Il ne fallait pas moins qu’un commissariat tripartite — Stéphanie Deschamps-Tan, conservatrice en chef au département des sculptures du musée du Louvre ; Côme Fabre, conservateur au département des peintures du musée du Louvre ; Sophie Barthélémy, directrice du musée des Beaux-Arts de Bordeaux — pour tenter de circonscrire une thématique souvent absente, dans une période marquée successivement par la Révolution française, le Consulat, le Premier Empire, la Seconde Restauration, la Monarchie de Juillet et la IIe République.
L’Enfant, citoyen sous la responsabilité de l’Etat
Peintures, sculptures et daguerréotypes (qui se diffusent dès 1839), ici réunis, cherchent à éclairer non seulement la perception de l’enfant, mais aussi son rôle dans la société française de la première moitié du XIXe siècle. Une époque d’effervescence politique, économique, et intellectuelle, durablement marquée par l’héritage de l’Émile ou De l’éducation, publié en 1762 par Jean-Jacques Rousseau. Considéré comme un être à part entière, l’Enfant, dans ses représentations, quitte alors le monde des chérubins et autres putti. Le voici citoyen, sous la responsabilité de l’État, qui, en retour, lui demande un engament pour la Nation, souvent au prix de sa vie.

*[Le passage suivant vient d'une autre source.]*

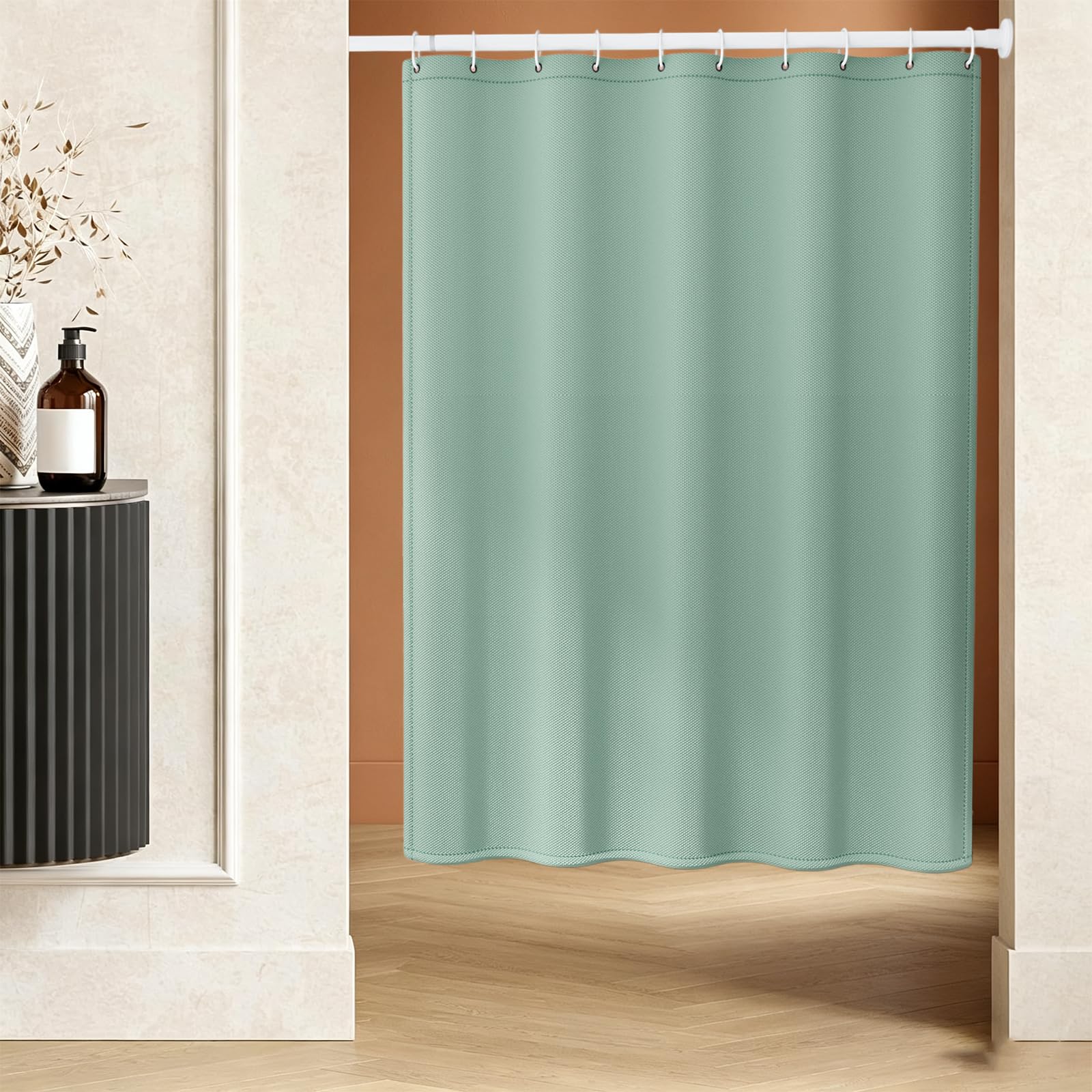 Tenda Doccia Antimuffa 180 x 170 cm Tenda da Doccia in Tessuto 100% Poliestere, Resistente Alla Muffa, Impermeabile, Lavabile in Lavatrice, con Sistema di Sospensione, verde chiaro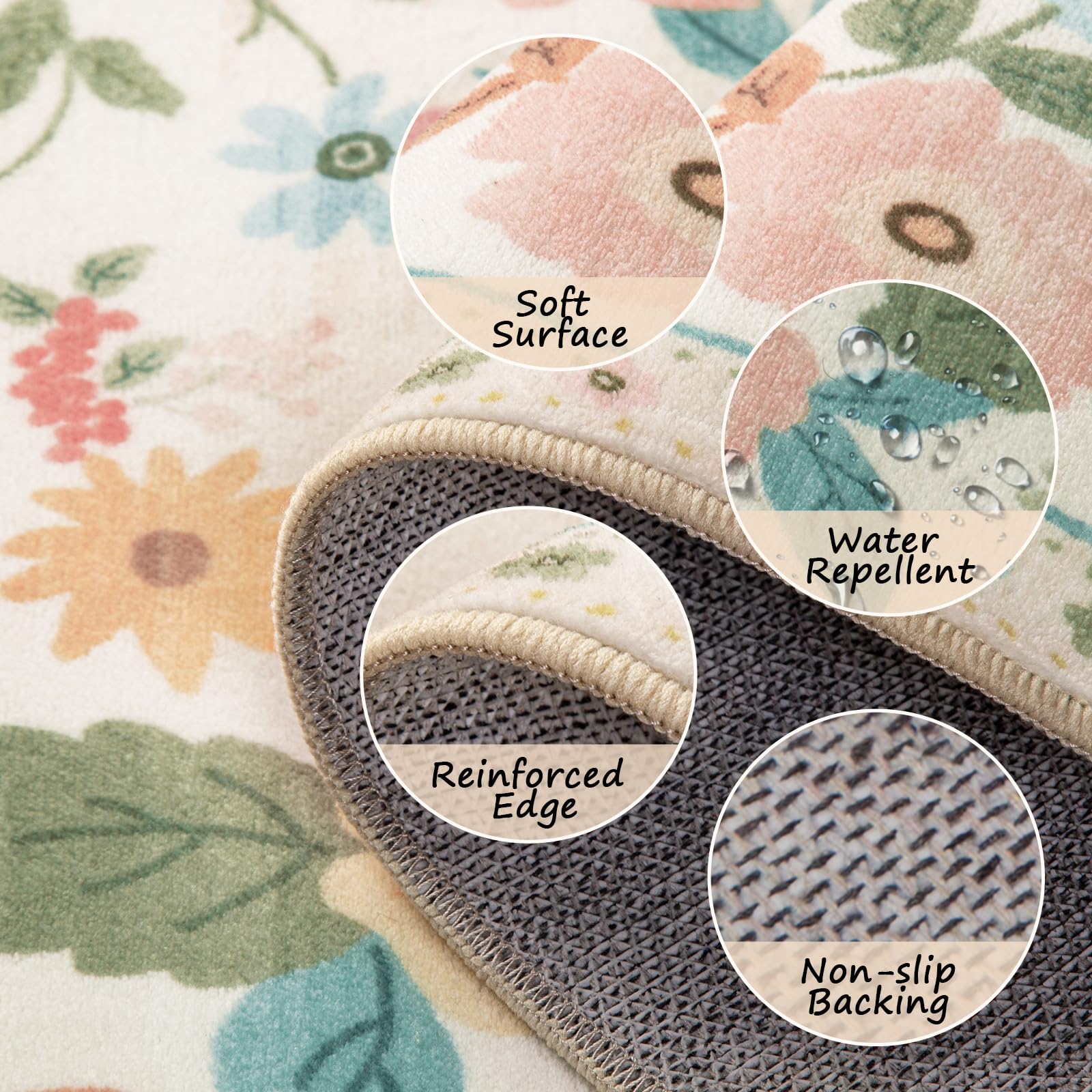 RELEANY Floral Nursery 5x7 rug is machine washable for easy cleaning.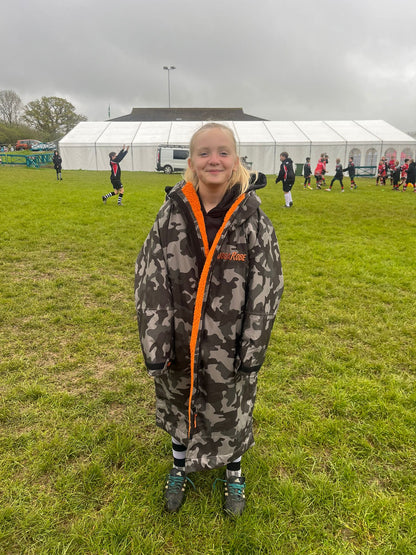 Grey Camo Kids Change Robe with Orange Fleece - RuggaRobe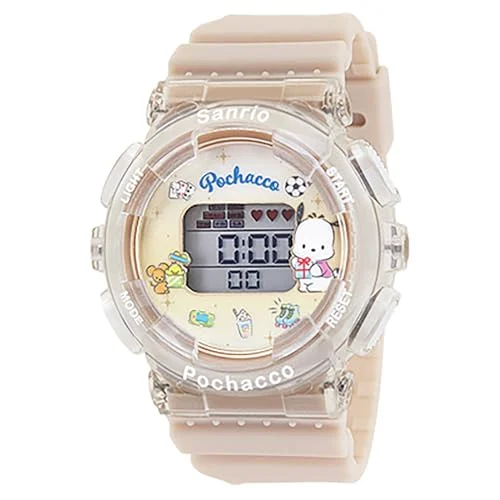 Orologio Digitale Sanrio Pochacco con Retroilluminazione EL CR3C0003-PC Beige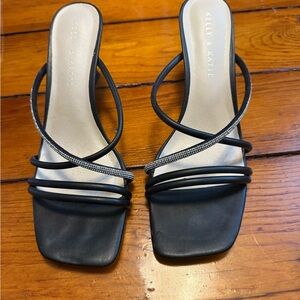 Kelly & Katie Black Heels with Crisscross Straps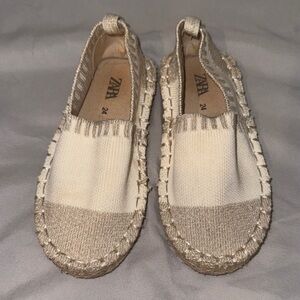 Zara Cream and Tan Slip-On Espadrilles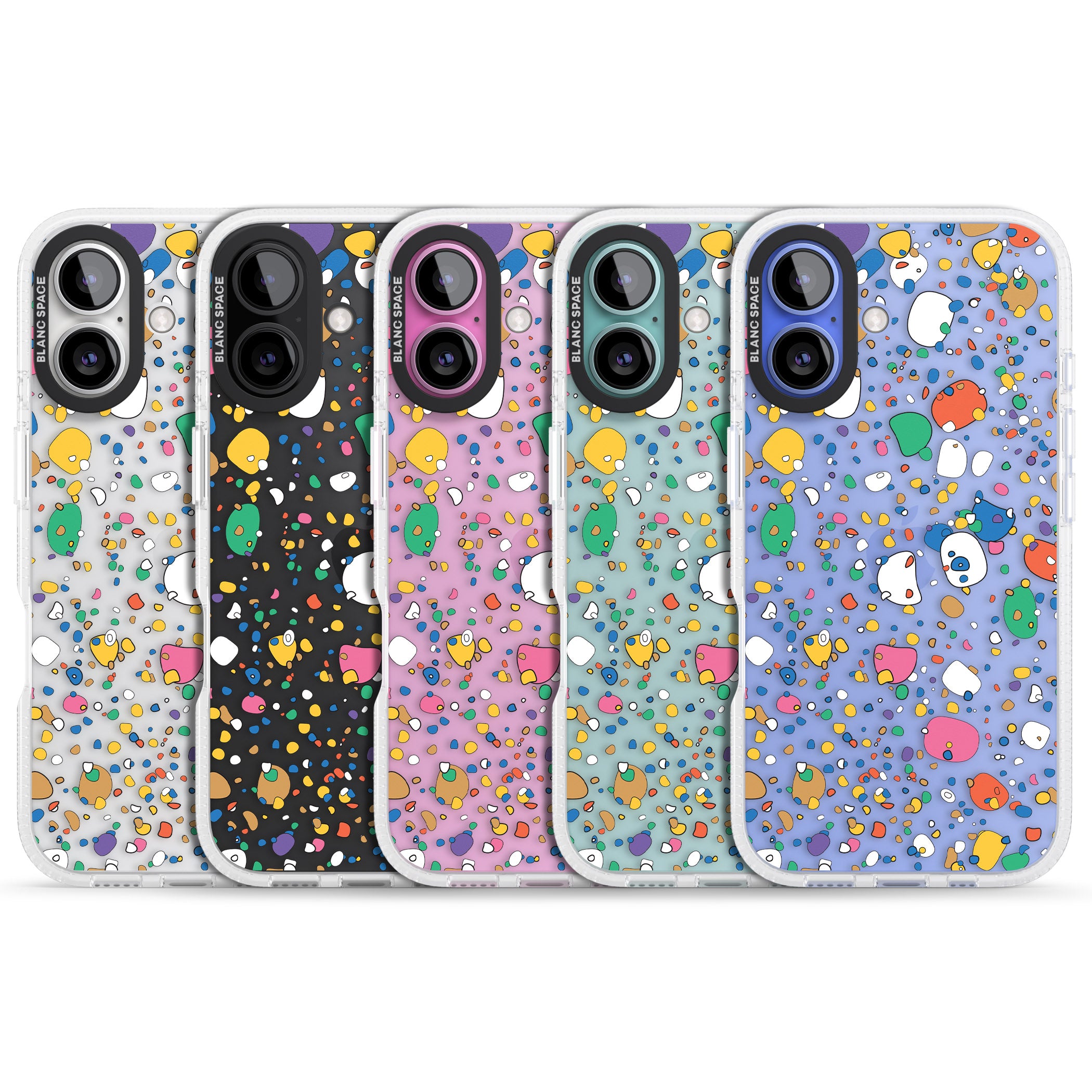 Colourful Confetti Pebbles iPhone 16 / 16 Plus Clear Case Impact Air - Blanc Space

Le parcours en 7 séquences — Au siècle des révolutions : idéal et embrigadement ; Le siècle des princes maudits ; L’enfant dans l’histoire : prodiges et génies ; En famille : enfants et parents dans l’intimité bourgeoise ; Orphelins, mendiants et petits Savoyards ; Mon premier portrait ; Le corps et la psyché des enfants face à l’artiste — convoque maîtres (Corot, Daumier, Delacroix, Géricault, Ingres) et peintres régionaux, majoritairement de l’Ouest de la France, dont quelques figures féminines méconnues (Jeanne-Élisabeth Chaudet, Sophie Feytaud-Tavel).
Empreinte de dignité
Victimes des conflits armés (Bara mourant (1838) par David d’Angers), héros tragiques (Louis XVII, dauphin embastillé, martyr du Temple ; le duc de Bordeaux, en exil dès l’âge de 9 ans ; Le Jeune Gaston, dit l’Ange de Foix (1838) par Claudius Jacquand), génies fantasmés (Giotti, Montaigne, Pic de la Mirandole), sujets de folklore (les Petits Savoyards) ou de portraits (Ernest Chassériau (1835) sous le pinceau de son frère Théodore Chassériau), membres intégrés aux tableaux familiaux bourgeois ou chéris en médaillons, les enfants semblent avoir acquis plus qu’une présence légitime, une réelle personnalité. Idéalisée certes, mais dorénavant empreinte de dignité.
Marc A. Bertin
Informations pratiques
« Sage comme une image ? L’enfance dans l’œil des artistes 1790-1850 »,
jusqu’au lundi 3 novembre,
Galerie des Beaux-Arts, Bordeaux (33).